On display for the first time, the show features a selection of personal correspondence between the Sainsburys and Moore, including letters, postcards, photographs and an audio recording, carefully preserved in the Sainsbury Research Unit Archive since its donation to the University. Both high-profile public figures, the correspondence reveals the humble nature of Robert and Henry and their families; in one postcard Moore hints at his glee at being away from the parties thrown for him by the Tate Gallery, the men quip about the trials of shaving, and Sainsbury delightedly supplies his friend with the latest school report of his son David, who was also Moore’s godson.
What began as a simple exchange between patron and artist developed into an important relationship which lasted over fifty years. Acting as a window onto the rest of the collection, the correspondence demonstrates the way in which the Sainsburys’ taste in art developed with the aid of Moore, embracing the beauty of world art, and establishing one of Britain’s most exciting University museums.
Friendship in the beginning
The relationship between Sir Robert Sainsbury and Henry Moore began with an act of patronage, akin to the many others that formed the Robert and Lisa Sainsbury collection of the Sainsbury Centre for Visual Arts. It was at Moore’s third solo show in 1933 that Sainsbury purchased Mother and Child and in a spirit of celebration, the two men went to lunch. For Moore, the sale represented half of his salary for that entire year, and for Sainsbury, the most he had ever spent on his passion for art to date. This was the start of a fifty year friendship in which Moore was to become important to the lives of Robert and Lisa Sainsbury, both artistically and personally.

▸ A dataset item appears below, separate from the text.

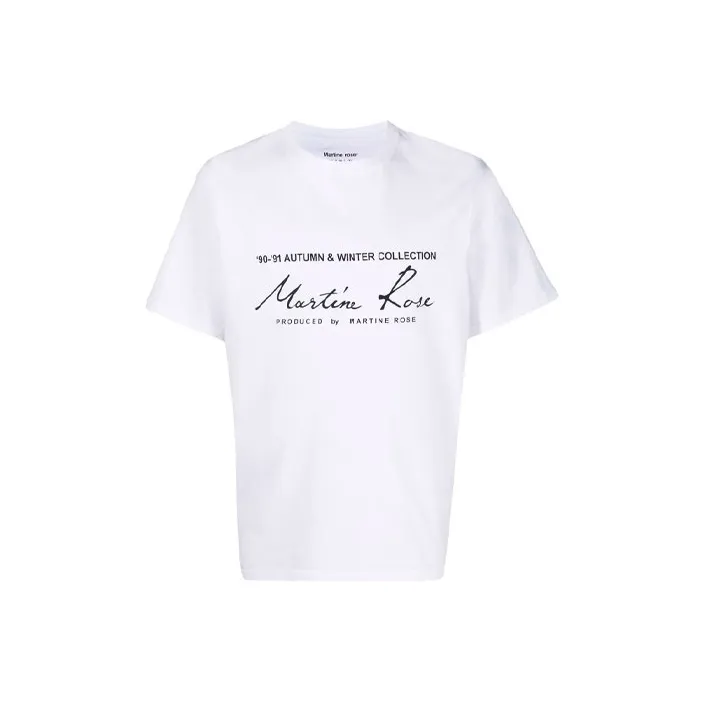 Martine Rose Logo Printed Crewneck T Shirt-0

A transnational friendship
Moore was one of the first truly international artists, jetting across Europe and America to open exhibitions of his own works and relax on continental holidays from the late 1940s. The Sainsburys could expect a postcard from Moore and his wife Irina each year, and a particular favourite holiday spot for the family became Forte dei Marmi, a seaside town in northern Tuscany. After visiting the stone quarries of Forte dei Marmi several times, Henry and Irina bought a cottage there in 1965 and from then on it became customary for the Moores to send an annual postcard ‘with love’ from Italy.
Friendship in the press
Two years after Moore’s death in 1988, Channel 4 broadcast England’s Henry Moore, a documentary portraying Moore in a less than flattering light. Robert Sainsbury was so outraged by this public discrediting of his friend that he wrote a letter to the editor of the Times, published on 24th September 1988. Numerous people wrote in thanks to Sir Robert, agreeing that the programme presented an unfair picture of the late artist, but what prevails from this controversy is the exchange between Sir Robert and Irina Moore. True to the austere life that Irina and Henry lived, she replied simply: ‘I watched the film but did not like it… Thank you for writing to me’.
The building of friendships
When Sir Robert and Lisa Sainsbury began collecting art, they displayed it proudly around their house in Smith Square, London. But as time progressed and their collection grew they decided that it could be better housed in a public building where it could be used for study and appreciated by all. They chose the University of East Anglia, and the then little known architect Norman Foster to create the Sainsbury Centre for Visual Arts. Those sculptures created by Moore became some of the central axes around which the Sainsburys’ large collection would fit. Moore was consulted in placing the large outdoor sculptures that still surround the Centre, and is featured prominently in the publications made for the opening of the Centre and in the Anglia Television documentary The Gift.